Jakarta- (11/01/2023) Realisasi target sertifikasi halal sepanjang 2022 jauh dari yang direncanakan. Majelis Ulama Indonesia (MUI) mencatat pada 2022 hanya menggelar sidang penetapan halal untuk 105.326 laporan atau usulan pelaku usaha lewat sistem SiHalal yang diselenggarakan Badan Penyelenggara Jaminan Produk Halal (BPJPH).
Hal di atas, berbanding jauh dari target Kementerian Agama (Kemenag) yang ingin mencapai 10 juta sertifikasi halal hingga 2024. Oleh karenanya, MUI menepis tudingan sebagai biang keladi minimnya sertifikasi halal pada 2022. Sebagaimana yang diungkap KH. Asrorun Ni’am Sholeh.
”Ironisnya, yang disasar adalah MUI. Dianggap sebagai salah satu faktor penghambat,” kata Ketua MUI Bidang Fatwa Asrorun Niam Sholeh di Jakarta kemarin (9/1).
Dia menjelaskan, MUI hanya menyidangkan usulan atau permohonan fatwa halal yang masuk. Lembaga itu tidak bisa asal-asalan menyidangkan permohonan fatwa halal tanpa melalui prosedur yang berlaku. Ketentuan yang berlaku saat ini, pintu masuk permohonan sertifikasi halal ada pada Badan Penyelenggara Jaminan Produk Halal (BPJPH) Kemenag.
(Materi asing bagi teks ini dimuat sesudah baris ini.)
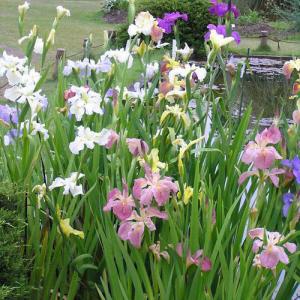 （ビオトープ）水生植物　おまかせルイジアナアイリス（１ポット）（休眠状態）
Asrorun mengatakan, jumlah 105.326 laporan tersebut sesuai dengan usulan atau permohonan sertifikasi halal yang masuk. Karena itu, MUI tidak memiliki utang atau tanggungan permohonan sertifikasi halal untuk periode 2022. Tahun ini pihaknya menargetkan mengeluarkan fatwa halal untuk satu juta permohonan pelaku usaha.
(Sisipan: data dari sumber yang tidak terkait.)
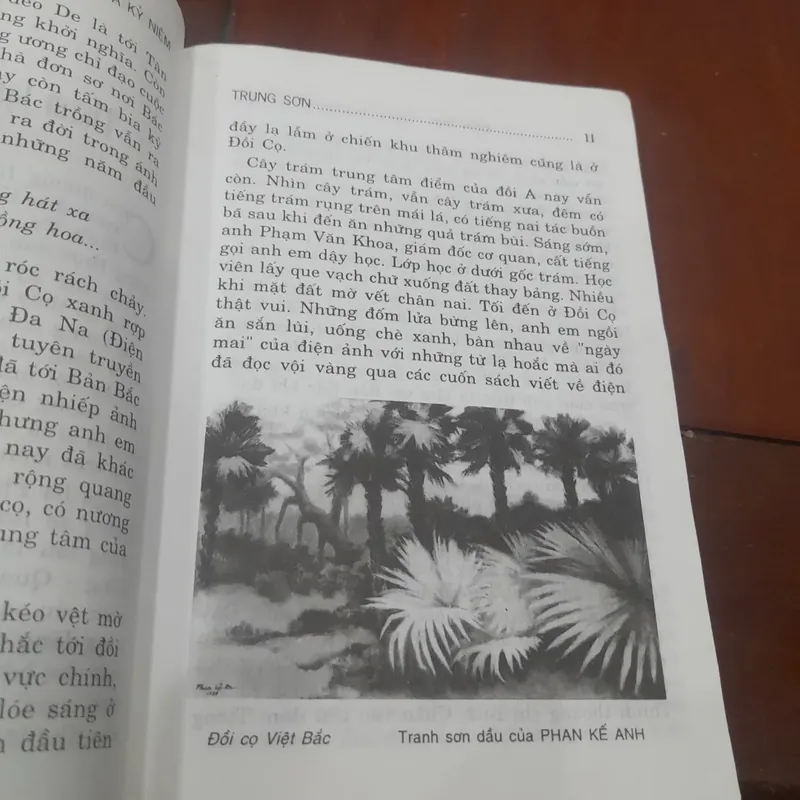 Trung Sơn: ĐIỆN ẢNH - CHẶNG ĐƯỜNG KỸ NIỆM 597809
Guru Besar UIN Syarif Hidayatullah juga mengakui, sesungguhnya kapasitas sidang fatwa halal MUI cukup besar. Dalam satu tahun bisa menghasilkan fatwa halal untuk 5 juta lebih permohonan atau produk. Itu belum termasuk di MUI provinsi sebanyak 30 juta permohonan dan MUI kabupaten/kota sebanyak 72 juta permohonan. Asrorun menegaskan, sidang komisi fatwa untuk menetapkan halal juga bisa digelar di MUI provinsi dan kota/kabupaten.
Asrorun mengatakan, tahun ini BPJPH Kemenag menargetkan satu juta sertifikasi halal. MUI mendukung target tersebut. Dia lalu menegaskan, pada 2022 kmrin kapasitas sidang fatwa MUI baru terpakai 20 persen. Untuk itu, dia berharap alur dan ekosistem jaminan produk halal terus diperbaiki. ”Menyelesaikan masalah dari akarnya sehingga tepat sasaran,” tegasnya.
Kemudian, perlu mengoptimalkan sosialisasi kepada pelaku usaha. Yakni, tentang wajibnya sertifikasi halal bagi produk pangan. Selain itu, perlu ada upaya persuasi dari perusahaan-perusahaan kategori besar terlebih dahulu. Bukan sebaliknya, melakukan persuasi kepada pelaku atau produsen usaha yang kecil-kecil dan zero risk.